Rod and Kathie Van Loh had to meet.

It was destined.

One synchronicity after another guided them to each other – and after 50 years – Lakewood Theatre in Lake Oswego, Oregon, helped them celebrate.

In November of 1973, the Sioux Falls Community Playhouse held auditions for Arsenic and Old Lace, Joseph Kesselring’s ingenious dark comedy about two sweet little old sisters on a charitable mission.

Abby and Martha Brewster’s charity recipients are lonely, old men. Their mission? To put them out of their misery. How? By offering them a generous glass of elderberry wine. Wine laced with a special family recipe comprised of arsenic, cyanide and strychnine.

Fortunately for the Brewster sisters, nephew Teddy, who believes he is Theodore Roosevelt – and has the uniform and bugle to prove it – is an eager grave digger. The cellar isn’t really a cellar – it’s Panama, and he’s down there digging locks for the Panama Canal.
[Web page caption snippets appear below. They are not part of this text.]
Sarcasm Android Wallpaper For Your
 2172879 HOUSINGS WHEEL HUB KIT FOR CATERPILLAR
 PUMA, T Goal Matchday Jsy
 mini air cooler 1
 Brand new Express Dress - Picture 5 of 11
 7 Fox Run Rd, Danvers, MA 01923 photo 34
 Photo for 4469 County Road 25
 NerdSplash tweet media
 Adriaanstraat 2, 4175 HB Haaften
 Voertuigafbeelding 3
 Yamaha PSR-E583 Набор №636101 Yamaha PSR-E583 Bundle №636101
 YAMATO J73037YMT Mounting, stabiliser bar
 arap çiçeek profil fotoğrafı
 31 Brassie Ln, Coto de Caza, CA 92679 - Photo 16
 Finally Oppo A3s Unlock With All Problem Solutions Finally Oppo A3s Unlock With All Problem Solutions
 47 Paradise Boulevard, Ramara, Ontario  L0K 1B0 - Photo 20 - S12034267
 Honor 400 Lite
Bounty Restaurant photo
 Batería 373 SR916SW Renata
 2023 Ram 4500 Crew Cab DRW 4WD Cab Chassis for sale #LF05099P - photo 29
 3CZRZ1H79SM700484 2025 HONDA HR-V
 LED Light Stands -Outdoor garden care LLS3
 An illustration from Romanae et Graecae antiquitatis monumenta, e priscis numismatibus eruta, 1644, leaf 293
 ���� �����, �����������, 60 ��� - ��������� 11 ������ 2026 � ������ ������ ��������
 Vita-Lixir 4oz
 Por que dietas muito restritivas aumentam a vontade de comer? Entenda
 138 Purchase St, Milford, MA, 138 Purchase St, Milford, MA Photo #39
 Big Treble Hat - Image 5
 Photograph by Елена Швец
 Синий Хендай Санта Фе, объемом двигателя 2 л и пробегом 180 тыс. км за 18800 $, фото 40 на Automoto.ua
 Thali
No problem!

Rod was already assigned to the show as technical director and to design and construct the set. The director asked him to also audition for a role. When Rod arrived at the audition, the room was nearly full. There was only one seat left. The one right next to Kathie.

Kathie says, “We started talking and never stopped.”

Kathie was cast as Elaine and Rod as Jonathan.

Rod had been a student and then teacher at Sioux Falls College.Dr. P. W. Patterson, who headed the theatre department, had talked about Rod Van Loh so much throughout Kathie’s college years, she almost felt like she knew him when Rod introduced himself at the audition. She was thrilled!

There were so many times they should have met but didn’t.

When Kathie was in high school, she was active in Young People’s Theatre at the Sioux Falls Community Playhouse. She was cast in the show Alladin while Rod, who was in college, was working on the set for that show. And they didn’t meet.

Rod’s brother and his date double-dated with Kathie and her date (later first husband) at the senior prom. But Rod and Kathie didn’t meet.

The day Kathie married her first husband, her maid of honor and his best man met with Rod after the ceremony. Rod knew they had been to a wedding, knew Kathie’s ex-husband, but didn’t know Kathie’s name.  

At one point, Rod was in Kathie’s apartment while she was living with her then husband and infant son. Rod had gone over because a friend he’d grown up with was very good friends with Kathie’s then husband. But Rod was in one room and she was in another. Again, they didn’t meet. 

But then, at the audition, they finally did!

Kathie and Rod bonded during rehearsals and got to know each other well. Rod was fresh out of the navy and living with his parents. Kathie was a single mom with a young son.

One late evening, towards the end of rehearsals, Kathie decided to bring two bottles of Boones Farm wine to the theatre, where she knew Rod was still working on the set. She also often helped with the set. They drank wine, talked, bonded more, and by the time Kathie was driving Rod home, it was nearly 4:00 am.

Kathie said to Rod, “If it wasn’t so late, I’d invite you in for coffee.”

Rod said, “It’s not too late.”

He came in for coffee and never left. (Somehow no coffee ever appeared.)

The Van Loh’s were married the following June in a simple ceremony in the side yard of a rented farmhouse near Trent, South Dakota. No invitations were sent, but they let people know they were getting married and 50, 60 people showed up, many of them friends from the Playhouse and Sioux Falls College. Kathie’s son stood up with them at the ceremony.

Rod went on to get his Master of Fine Arts degree from the University of Iowa and continued as designer/technical director. He was involved in 90 productions over a 35-year span. Kathie went on to teach and became the director of Young People’s Theatre where she had at one time been a student. They collaborated when Kathie directed, and Rod designed and tech directed Androcles and the Lion for Young People’s Theatre. In addition, Kathie directed high school theatre, and acted and directed in community theatre.

The Van Loh’s moved to Oregon’s coastal mountain range in 1996. Three kids and five grandchildren later, the still happy couple will celebrate their 50th wedding anniversary next summer. But Lakewood Theatre, at Lakewood Center for the Arts in downtown Lake Oswego, helped them celebrate early during their production of Arsenic and Old Lace.

When Kathie called to book tickets for 12 (family members and this writer and her husband included) she mentioned their personal history of this play to the woman on the other end of the phone. That woman suggested letting Steve Knox, the theatre Executive Producer, in on the story. Kathie did.

The evening of October 7, 2023, we all went out for a delicious dinner at Lake Oswego’s Szechuan Kitchen, then to see the show!

Kathie and Rod were in for a pleasant surprise. Not only did the cast change one line of the play for this one performance (I hope Kesselring would approve) to Sioux Falls, South Dakota, from whatever city was actually in the script…the entire cast came out on stage after the show for a photo shoot with the celebrating couple. Producer Steve Knox couldn’t have been more kind and generous – we were all wowed and emotionally touched.

Besides, it was a great show.

Like the one in Sioux Falls, South Dakota, in 1974.